__EXERCISE AIM__. Where an entry contains an image, leave the image out; restate everything else exactly.

______

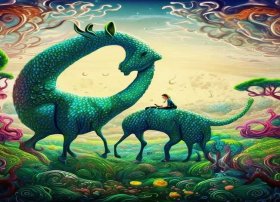 儿童荒诞故事 世界经典怪诞故事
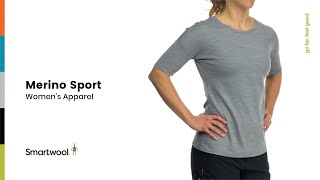 Women's Merino Sport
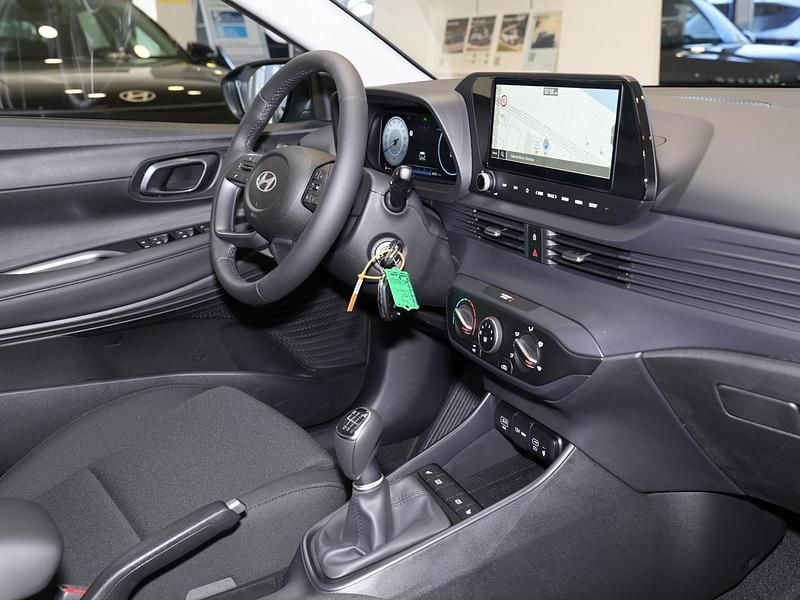 Neu Hyundai i20 Trend 90 PS (66 kW) 2026 Phantom black Kleinwagen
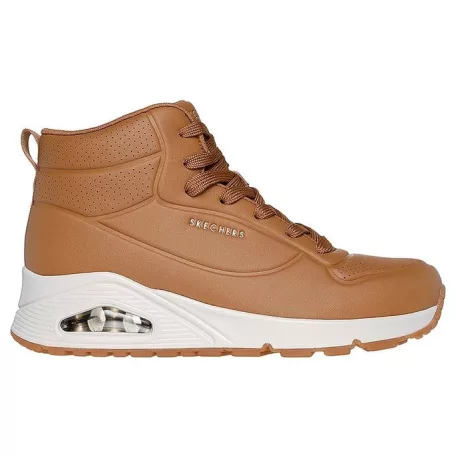 Skechers női bakancs-177097-CSNT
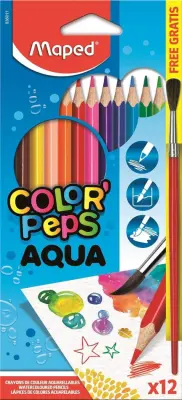 Barvice maped trioglate color'peps aqua 1/12
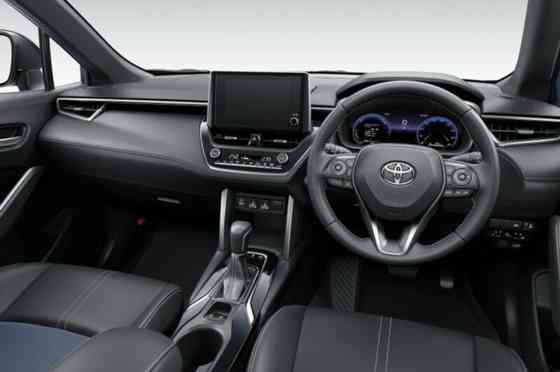 Toyota Corolla Cross: Thai-spec update to preview PH refresh? image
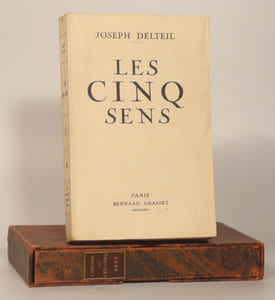 LES CINQ SENS. 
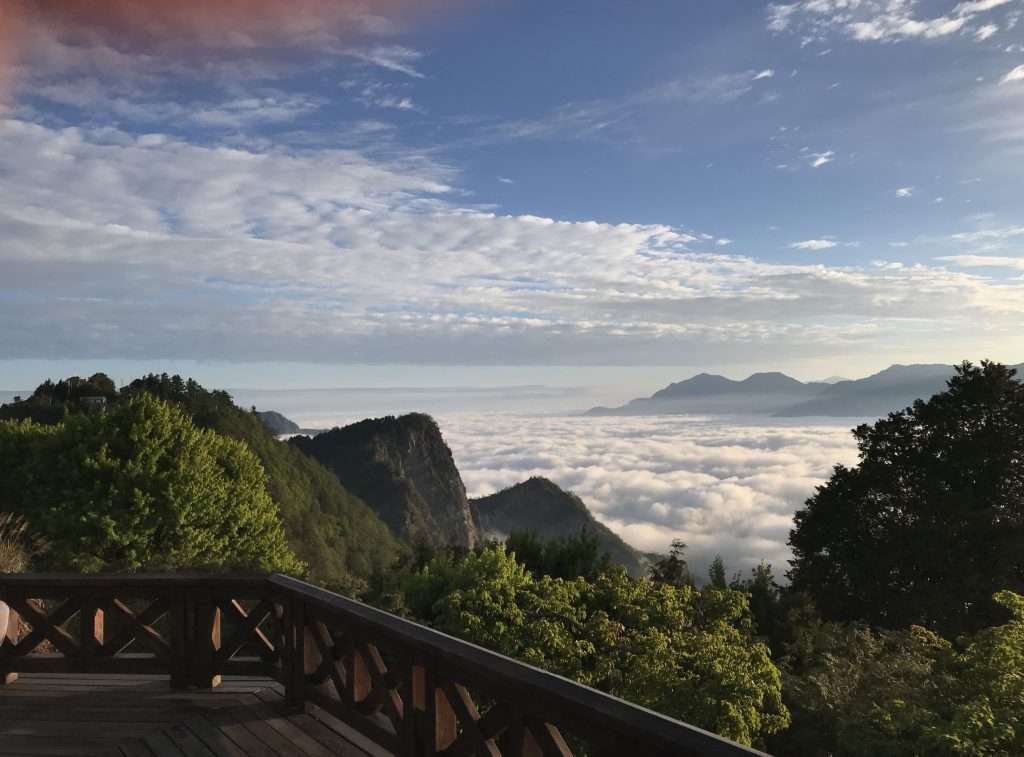 阿里山 小笠原山 2021 04 09 13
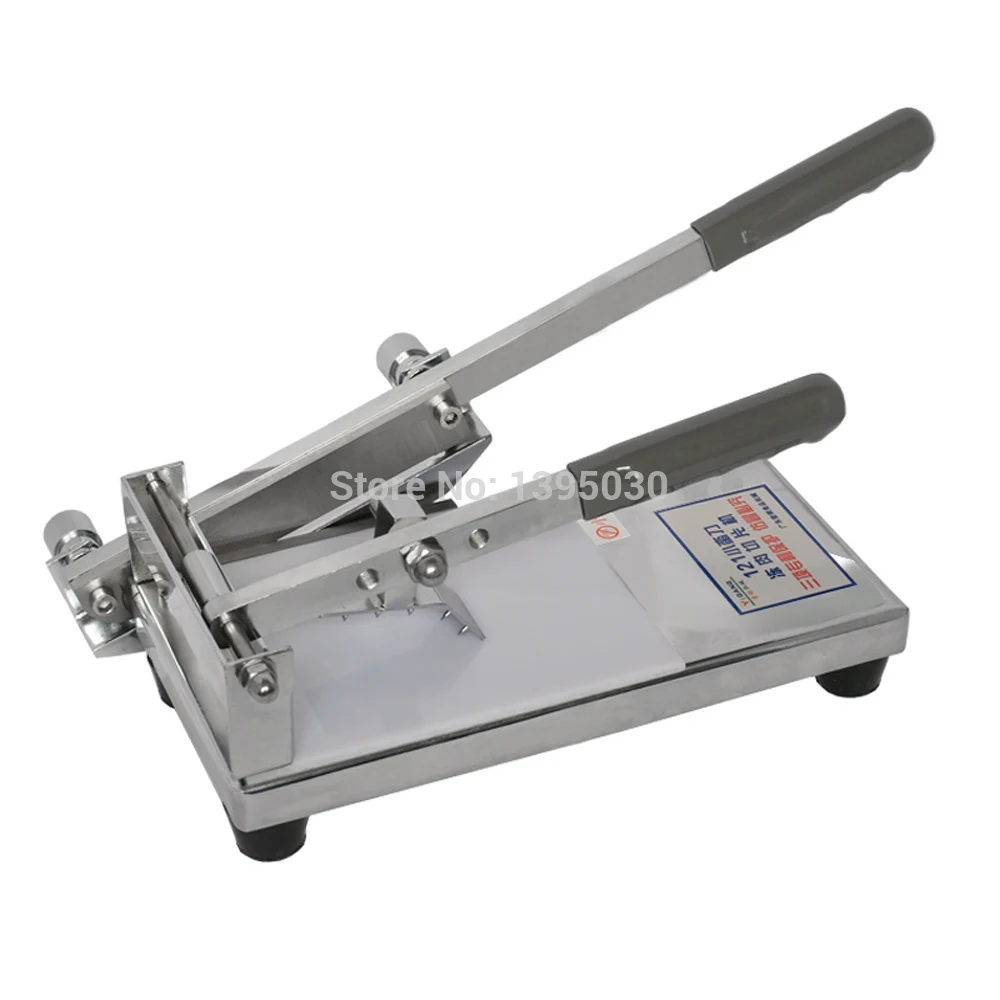 121B Universal Cutting Machine Stainless Steel Cutting Bone Machine, Mutton Machine, Universal Machine, Slicer 0-40MM Thickness
121B Universal Cutting Machine Stainless Steel Cutting Bone Machine, Mutton Machine, Universal Machine, Slicer 0-40MM Thickness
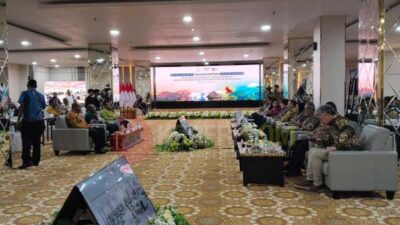Dialog Strategis Bersama Kepala Daerah se-Tanah Papua, Ini 5 Penekanan Wamen PPN 14 Wamen PPN Bappenas Dialog Strategis Kada se Tanah Pap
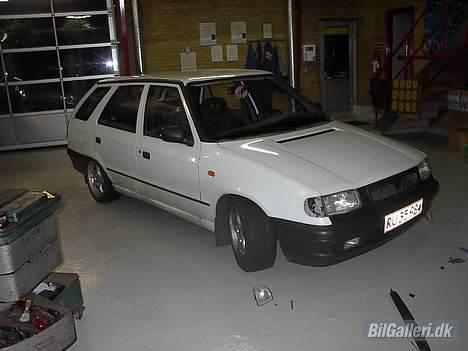 Skoda Felicia Combi*solgt* billede 10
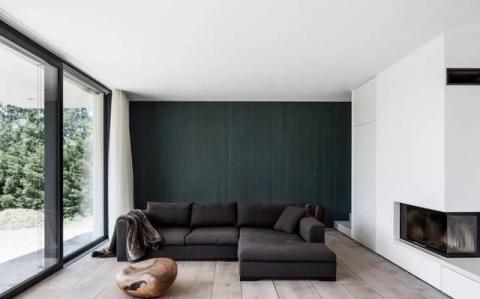 现代极简主义的豪华住宅 | Phillip Architects BDA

______

__REPLY__.
 儿童荒诞故事 世界经典怪诞故事
 Women's Merino Sport
 Neu Hyundai i20 Trend 90 PS (66 kW) 2026 Phantom black Kleinwagen
 Skechers női bakancs-177097-CSNT
 Barvice maped trioglate color'peps aqua 1/12
 Toyota Corolla Cross: Thai-spec update to preview PH refresh? image
 LES CINQ SENS. 
 阿里山 小笠原山 2021 04 09 13
 121B Universal Cutting Machine Stainless Steel Cutting Bone Machine, Mutton Machine, Universal Machine, Slicer 0-40MM Thickness
121B Universal Cutting Machine Stainless Steel Cutting Bone Machine, Mutton Machine, Universal Machine, Slicer 0-40MM Thickness
Dialog Strategis Bersama Kepala Daerah se-Tanah Papua, Ini 5 Penekanan Wamen PPN 14 Wamen PPN Bappenas Dialog Strategis Kada se Tanah Pap
 Skoda Felicia Combi*solgt* billede 10
 现代极简主义的豪华住宅 | Phillip Architects BDA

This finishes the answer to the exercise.